The Korean based exchange Bithumb has been hacked during a security exercise when they were changing their wallet system, losing approximately 30 million dollars in the process; this according to the Twitter feed of the same exchange where they posted the info. This fact has already affected market prices, making them drop, as it is expected everytime that a hack happens.
Bithumb is the sixth largest exchange in trading volume according to CoinMarketCap, just behind really big exchanges like Binance and Huobi, trading more than 300 million dollars daily. The hack chronology is described in their twitter account. Basically what happened is that while doing security upgrades to the system, an attacker (or attackers) managed to get into the accounts of some clients and took their cryptocurrencies.

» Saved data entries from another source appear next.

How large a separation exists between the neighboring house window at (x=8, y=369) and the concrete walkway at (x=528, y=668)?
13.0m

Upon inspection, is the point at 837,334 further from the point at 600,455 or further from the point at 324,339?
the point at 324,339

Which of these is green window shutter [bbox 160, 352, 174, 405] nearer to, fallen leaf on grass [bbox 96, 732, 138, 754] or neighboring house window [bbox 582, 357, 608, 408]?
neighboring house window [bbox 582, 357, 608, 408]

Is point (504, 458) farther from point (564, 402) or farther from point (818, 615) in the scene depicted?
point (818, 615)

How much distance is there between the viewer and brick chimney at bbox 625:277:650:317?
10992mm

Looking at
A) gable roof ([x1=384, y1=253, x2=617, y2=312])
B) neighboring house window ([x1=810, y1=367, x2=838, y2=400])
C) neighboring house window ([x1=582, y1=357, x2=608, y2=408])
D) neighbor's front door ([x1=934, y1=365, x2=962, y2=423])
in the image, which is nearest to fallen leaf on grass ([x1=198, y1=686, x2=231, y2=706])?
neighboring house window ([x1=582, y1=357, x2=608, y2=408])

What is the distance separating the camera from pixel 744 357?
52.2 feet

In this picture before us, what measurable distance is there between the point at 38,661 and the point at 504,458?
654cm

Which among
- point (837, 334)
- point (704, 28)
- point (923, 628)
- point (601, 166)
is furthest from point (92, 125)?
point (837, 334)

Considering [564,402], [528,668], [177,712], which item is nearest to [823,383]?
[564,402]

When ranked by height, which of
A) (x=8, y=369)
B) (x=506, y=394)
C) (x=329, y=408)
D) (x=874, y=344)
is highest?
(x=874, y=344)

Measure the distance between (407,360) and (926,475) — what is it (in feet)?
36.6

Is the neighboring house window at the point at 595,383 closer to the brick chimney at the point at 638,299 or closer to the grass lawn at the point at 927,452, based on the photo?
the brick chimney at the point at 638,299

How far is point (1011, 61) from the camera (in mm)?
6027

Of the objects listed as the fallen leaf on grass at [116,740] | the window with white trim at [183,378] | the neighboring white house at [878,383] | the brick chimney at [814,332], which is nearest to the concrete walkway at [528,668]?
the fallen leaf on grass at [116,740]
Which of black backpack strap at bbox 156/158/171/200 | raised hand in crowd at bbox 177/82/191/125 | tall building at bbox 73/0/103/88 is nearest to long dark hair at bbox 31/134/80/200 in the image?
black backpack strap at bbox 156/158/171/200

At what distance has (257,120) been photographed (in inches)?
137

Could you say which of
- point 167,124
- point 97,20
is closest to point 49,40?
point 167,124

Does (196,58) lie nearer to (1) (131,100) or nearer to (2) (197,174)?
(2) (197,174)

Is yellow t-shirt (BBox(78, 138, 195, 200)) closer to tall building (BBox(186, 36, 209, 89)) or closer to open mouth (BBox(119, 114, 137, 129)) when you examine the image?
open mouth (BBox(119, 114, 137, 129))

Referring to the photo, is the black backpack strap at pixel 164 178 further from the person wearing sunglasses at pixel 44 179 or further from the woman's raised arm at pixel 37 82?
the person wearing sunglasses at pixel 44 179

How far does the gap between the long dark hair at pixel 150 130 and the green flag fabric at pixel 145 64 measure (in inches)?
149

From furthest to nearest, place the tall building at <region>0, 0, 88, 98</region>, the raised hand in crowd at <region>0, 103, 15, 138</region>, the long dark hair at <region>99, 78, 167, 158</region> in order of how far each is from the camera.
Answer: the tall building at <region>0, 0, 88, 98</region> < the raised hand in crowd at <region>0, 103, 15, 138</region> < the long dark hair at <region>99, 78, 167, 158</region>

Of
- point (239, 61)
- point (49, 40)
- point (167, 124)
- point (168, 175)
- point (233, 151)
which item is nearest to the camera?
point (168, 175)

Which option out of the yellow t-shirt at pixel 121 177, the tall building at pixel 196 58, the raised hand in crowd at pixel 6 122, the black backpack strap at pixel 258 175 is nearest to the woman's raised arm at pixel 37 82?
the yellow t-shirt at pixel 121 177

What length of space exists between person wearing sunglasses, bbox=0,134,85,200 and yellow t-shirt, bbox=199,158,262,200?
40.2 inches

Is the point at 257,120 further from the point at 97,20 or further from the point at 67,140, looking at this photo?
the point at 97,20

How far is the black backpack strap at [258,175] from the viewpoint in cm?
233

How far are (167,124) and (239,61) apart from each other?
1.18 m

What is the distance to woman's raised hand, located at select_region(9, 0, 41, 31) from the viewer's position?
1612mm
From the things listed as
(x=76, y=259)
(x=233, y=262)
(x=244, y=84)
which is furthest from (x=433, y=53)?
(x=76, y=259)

Fortunately, Bithumb acted swiftly and managed to stop the losses by moving their entire stash of cryptocurrencies in bulk to cold storage, this is, computers not connected to the internet to avoid further manipulation of the crypto assets. They also announced that since they detected the attack, all deposit and withdrawal services have been suspended until further notice; this to avoid more damage until the hack is clarified.

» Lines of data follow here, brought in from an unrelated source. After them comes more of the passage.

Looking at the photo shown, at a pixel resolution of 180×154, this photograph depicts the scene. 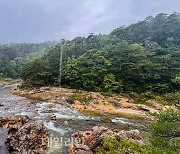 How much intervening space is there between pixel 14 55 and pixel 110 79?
254 ft

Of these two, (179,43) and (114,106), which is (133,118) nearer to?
(114,106)

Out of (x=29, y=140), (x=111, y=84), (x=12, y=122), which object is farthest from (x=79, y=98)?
(x=29, y=140)

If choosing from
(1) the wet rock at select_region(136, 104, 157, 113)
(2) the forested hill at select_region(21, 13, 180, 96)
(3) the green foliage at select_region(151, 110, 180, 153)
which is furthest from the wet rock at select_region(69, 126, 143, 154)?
(2) the forested hill at select_region(21, 13, 180, 96)

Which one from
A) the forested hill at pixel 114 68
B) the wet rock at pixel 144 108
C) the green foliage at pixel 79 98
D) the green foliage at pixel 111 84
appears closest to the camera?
the wet rock at pixel 144 108

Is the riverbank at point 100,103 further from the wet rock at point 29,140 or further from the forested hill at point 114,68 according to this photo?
the wet rock at point 29,140

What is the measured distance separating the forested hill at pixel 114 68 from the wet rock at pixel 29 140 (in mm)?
22311

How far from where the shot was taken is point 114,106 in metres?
32.0

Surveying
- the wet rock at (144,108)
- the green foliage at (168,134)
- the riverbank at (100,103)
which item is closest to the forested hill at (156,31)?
the riverbank at (100,103)

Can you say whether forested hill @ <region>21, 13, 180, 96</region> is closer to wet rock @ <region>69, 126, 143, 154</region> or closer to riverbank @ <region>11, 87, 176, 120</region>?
riverbank @ <region>11, 87, 176, 120</region>

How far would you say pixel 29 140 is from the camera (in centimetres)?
1579

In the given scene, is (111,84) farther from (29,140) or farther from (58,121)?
(29,140)

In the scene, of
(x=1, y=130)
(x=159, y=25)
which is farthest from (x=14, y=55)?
(x=1, y=130)

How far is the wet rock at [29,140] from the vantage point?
15.2 meters

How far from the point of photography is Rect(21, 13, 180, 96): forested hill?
38.8m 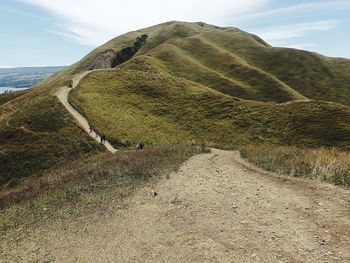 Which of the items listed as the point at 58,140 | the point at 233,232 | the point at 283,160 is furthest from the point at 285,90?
the point at 233,232

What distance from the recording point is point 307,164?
94.8 ft

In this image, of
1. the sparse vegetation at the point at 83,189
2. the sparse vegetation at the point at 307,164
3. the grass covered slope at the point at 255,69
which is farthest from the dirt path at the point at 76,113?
the grass covered slope at the point at 255,69

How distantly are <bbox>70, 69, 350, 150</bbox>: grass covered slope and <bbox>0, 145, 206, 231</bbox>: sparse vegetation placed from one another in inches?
1172

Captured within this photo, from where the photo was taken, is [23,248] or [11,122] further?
[11,122]

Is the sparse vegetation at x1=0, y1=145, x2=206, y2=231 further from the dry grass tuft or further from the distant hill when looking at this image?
the distant hill

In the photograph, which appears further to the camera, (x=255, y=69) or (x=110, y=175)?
(x=255, y=69)

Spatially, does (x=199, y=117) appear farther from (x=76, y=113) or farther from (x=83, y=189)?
(x=83, y=189)

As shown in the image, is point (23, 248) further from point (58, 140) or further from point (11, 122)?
point (11, 122)

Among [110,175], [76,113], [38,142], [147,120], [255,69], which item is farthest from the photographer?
[255,69]

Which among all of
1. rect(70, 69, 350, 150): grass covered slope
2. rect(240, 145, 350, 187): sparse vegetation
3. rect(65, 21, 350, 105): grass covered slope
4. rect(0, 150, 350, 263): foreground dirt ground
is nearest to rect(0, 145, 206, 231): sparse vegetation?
rect(0, 150, 350, 263): foreground dirt ground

The tweets mention only that they lost 30 million in cryptocurrency, but they don’t detail if this is an attack directed only to a single cryptocurrency, or if it is a mixed kind of attack, where different kinds of cryptos were stolen. It is uncertain how this whole situation will be managed by Bithumb, but they are expected to refund all lost cryptocurrency to their affected clients.

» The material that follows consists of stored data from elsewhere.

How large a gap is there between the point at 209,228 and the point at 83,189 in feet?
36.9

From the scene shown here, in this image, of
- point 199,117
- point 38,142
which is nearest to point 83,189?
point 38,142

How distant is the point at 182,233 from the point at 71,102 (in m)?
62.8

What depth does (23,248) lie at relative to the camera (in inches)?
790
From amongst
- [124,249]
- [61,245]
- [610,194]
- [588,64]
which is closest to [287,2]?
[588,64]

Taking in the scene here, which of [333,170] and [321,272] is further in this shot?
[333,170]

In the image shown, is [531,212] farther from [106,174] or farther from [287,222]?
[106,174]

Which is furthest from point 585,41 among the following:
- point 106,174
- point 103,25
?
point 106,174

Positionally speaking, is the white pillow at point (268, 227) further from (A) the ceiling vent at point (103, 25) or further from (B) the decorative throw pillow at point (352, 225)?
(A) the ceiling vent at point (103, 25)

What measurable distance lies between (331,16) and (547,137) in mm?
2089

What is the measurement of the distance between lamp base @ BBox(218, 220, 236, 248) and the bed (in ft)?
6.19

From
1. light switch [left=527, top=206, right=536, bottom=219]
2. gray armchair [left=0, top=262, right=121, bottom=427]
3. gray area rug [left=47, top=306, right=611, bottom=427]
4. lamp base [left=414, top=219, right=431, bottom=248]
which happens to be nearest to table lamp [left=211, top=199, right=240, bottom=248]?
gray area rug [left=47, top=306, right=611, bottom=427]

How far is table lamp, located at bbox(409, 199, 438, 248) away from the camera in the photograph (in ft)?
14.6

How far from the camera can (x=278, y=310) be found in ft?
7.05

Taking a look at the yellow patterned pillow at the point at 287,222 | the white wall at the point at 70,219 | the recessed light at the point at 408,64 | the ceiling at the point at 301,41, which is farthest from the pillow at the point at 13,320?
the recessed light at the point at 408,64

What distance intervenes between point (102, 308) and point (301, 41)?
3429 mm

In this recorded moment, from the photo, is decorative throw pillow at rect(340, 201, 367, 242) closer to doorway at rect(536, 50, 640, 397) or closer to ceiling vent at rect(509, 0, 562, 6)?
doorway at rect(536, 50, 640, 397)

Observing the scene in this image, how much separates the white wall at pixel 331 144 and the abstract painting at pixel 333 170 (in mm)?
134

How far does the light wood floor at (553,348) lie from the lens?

It is too early to try to guess what really happened and how did the attackers managed to withdraw the funds from the wallets, but this confirms the vulnerability of exchanges to coordinated attacks. A report outed by a security firm earlier this year confirmed that more than 1.1 billion dollars worth of cryptocurrency were stolen till June, and that exchanges were the most targeted businesses; that is why organizations like the Financial Services Agency, the Japanese cryptocurrency watchdog, enforce strong security policy compliance; to avoid occurrences like this.